Isolate every line in the records below with "Copart" in it.

─── MATERIAL FOR THIS EXERCISE ───

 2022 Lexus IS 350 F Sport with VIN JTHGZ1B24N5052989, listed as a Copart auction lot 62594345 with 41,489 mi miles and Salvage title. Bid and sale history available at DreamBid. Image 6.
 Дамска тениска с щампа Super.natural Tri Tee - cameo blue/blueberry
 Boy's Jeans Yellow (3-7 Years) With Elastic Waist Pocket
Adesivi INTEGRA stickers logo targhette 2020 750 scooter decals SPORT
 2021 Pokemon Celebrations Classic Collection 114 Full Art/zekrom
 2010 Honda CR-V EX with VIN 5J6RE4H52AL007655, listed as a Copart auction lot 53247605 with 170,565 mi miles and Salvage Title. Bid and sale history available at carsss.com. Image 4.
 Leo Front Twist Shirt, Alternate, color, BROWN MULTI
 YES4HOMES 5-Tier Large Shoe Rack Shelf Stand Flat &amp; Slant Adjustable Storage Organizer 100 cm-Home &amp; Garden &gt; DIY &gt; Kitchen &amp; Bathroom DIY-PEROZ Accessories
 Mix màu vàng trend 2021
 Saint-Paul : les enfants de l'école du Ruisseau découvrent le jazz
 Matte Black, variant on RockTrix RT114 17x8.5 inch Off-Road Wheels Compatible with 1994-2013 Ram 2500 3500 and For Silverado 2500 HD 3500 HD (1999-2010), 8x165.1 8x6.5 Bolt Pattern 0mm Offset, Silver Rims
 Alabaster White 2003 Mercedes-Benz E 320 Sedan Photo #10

───
─── MATERIAL FOR THIS EXERCISE ───

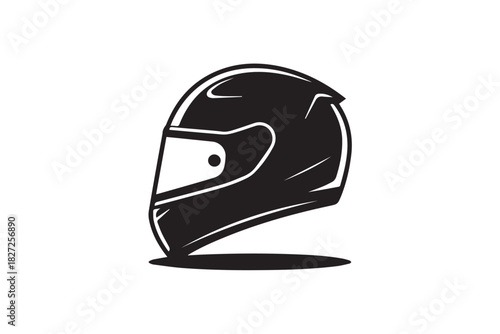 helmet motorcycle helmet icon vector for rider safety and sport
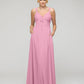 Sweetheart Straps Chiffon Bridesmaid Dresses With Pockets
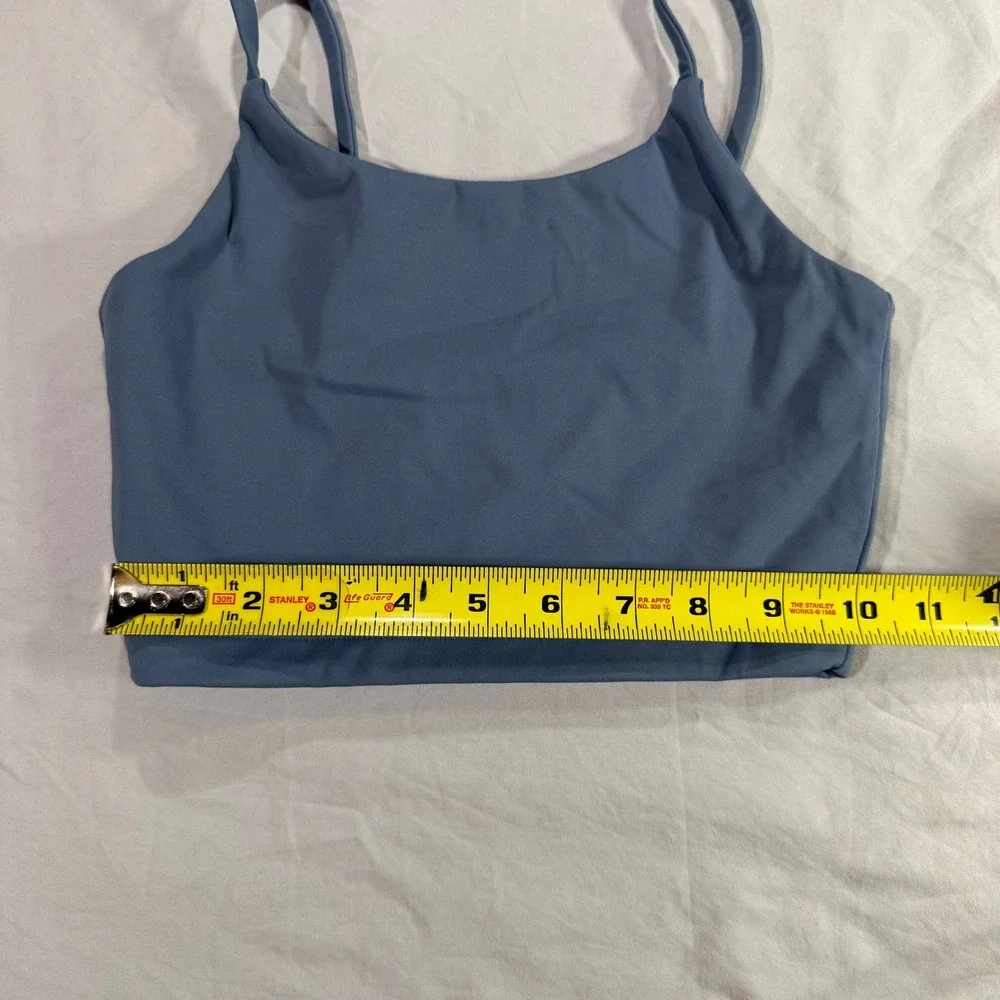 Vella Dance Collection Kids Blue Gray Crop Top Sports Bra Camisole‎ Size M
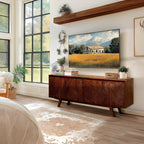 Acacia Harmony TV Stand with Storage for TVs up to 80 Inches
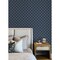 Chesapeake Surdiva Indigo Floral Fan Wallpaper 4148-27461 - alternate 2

───
─── MATERIAL FOR THIS EXERCISE ───

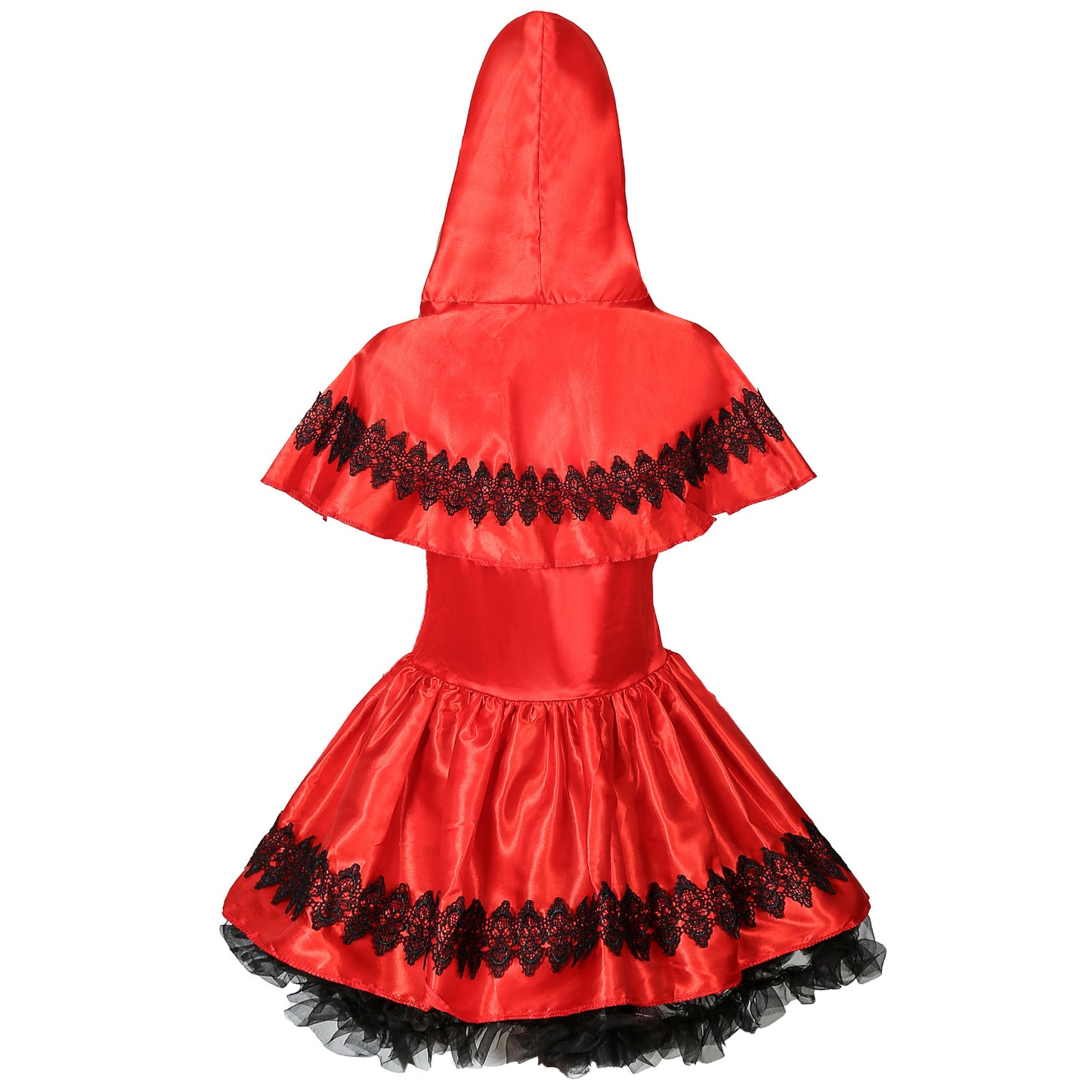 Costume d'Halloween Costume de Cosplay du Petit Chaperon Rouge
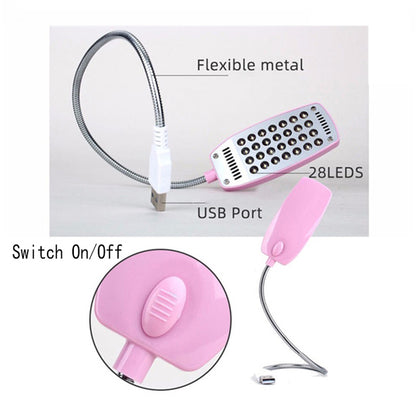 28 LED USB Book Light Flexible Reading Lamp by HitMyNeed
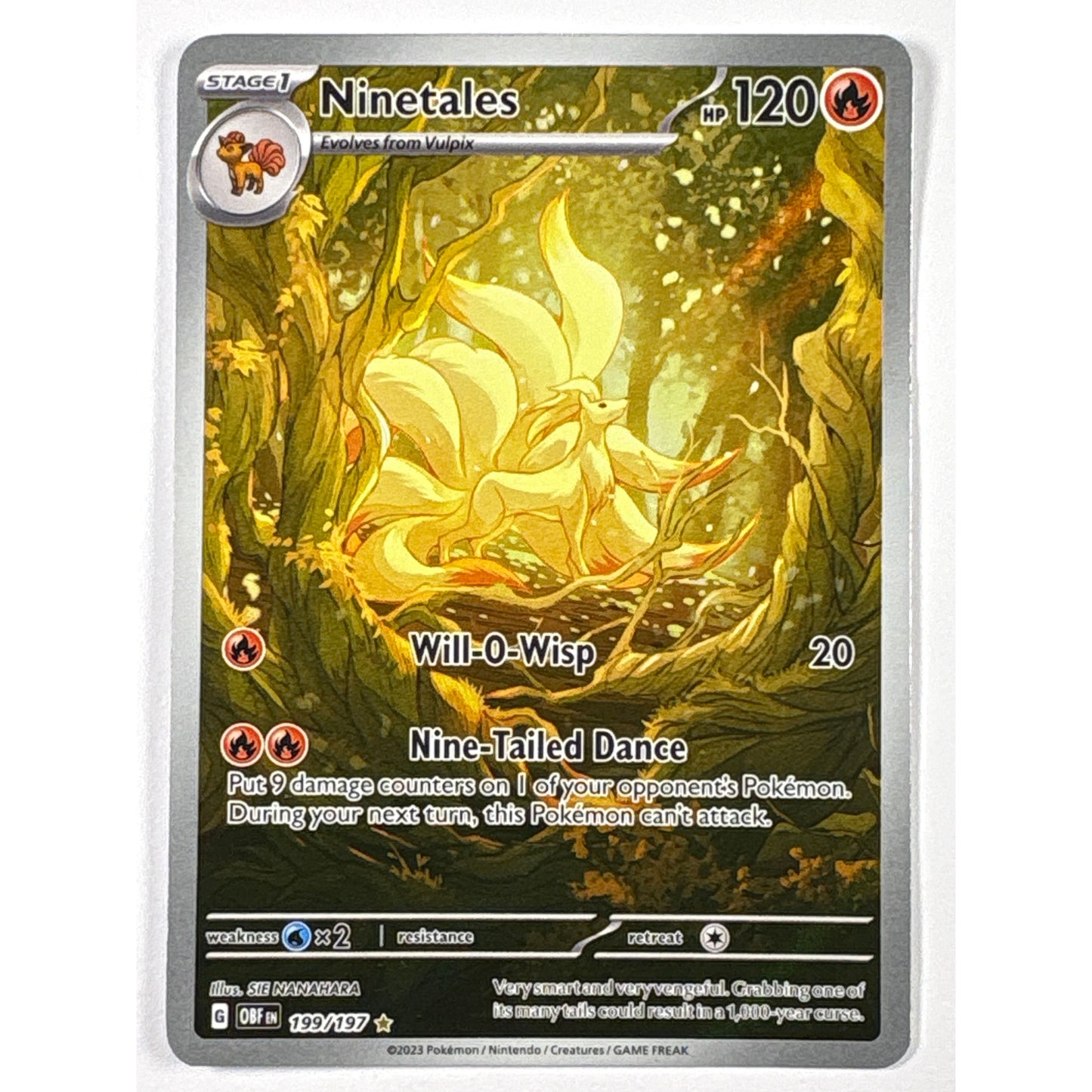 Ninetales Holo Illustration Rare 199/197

───

ANSWER SECTION
 2022 Lexus IS 350 F Sport with VIN JTHGZ1B24N5052989, listed as a Copart auction lot 62594345 with 41,489 mi miles and Salvage title. Bid and sale history available at DreamBid. Image 6.
 2010 Honda CR-V EX with VIN 5J6RE4H52AL007655, listed as a Copart auction lot 53247605 with 170,565 mi miles and Salvage Title. Bid and sale history available at carsss.com. Image 4.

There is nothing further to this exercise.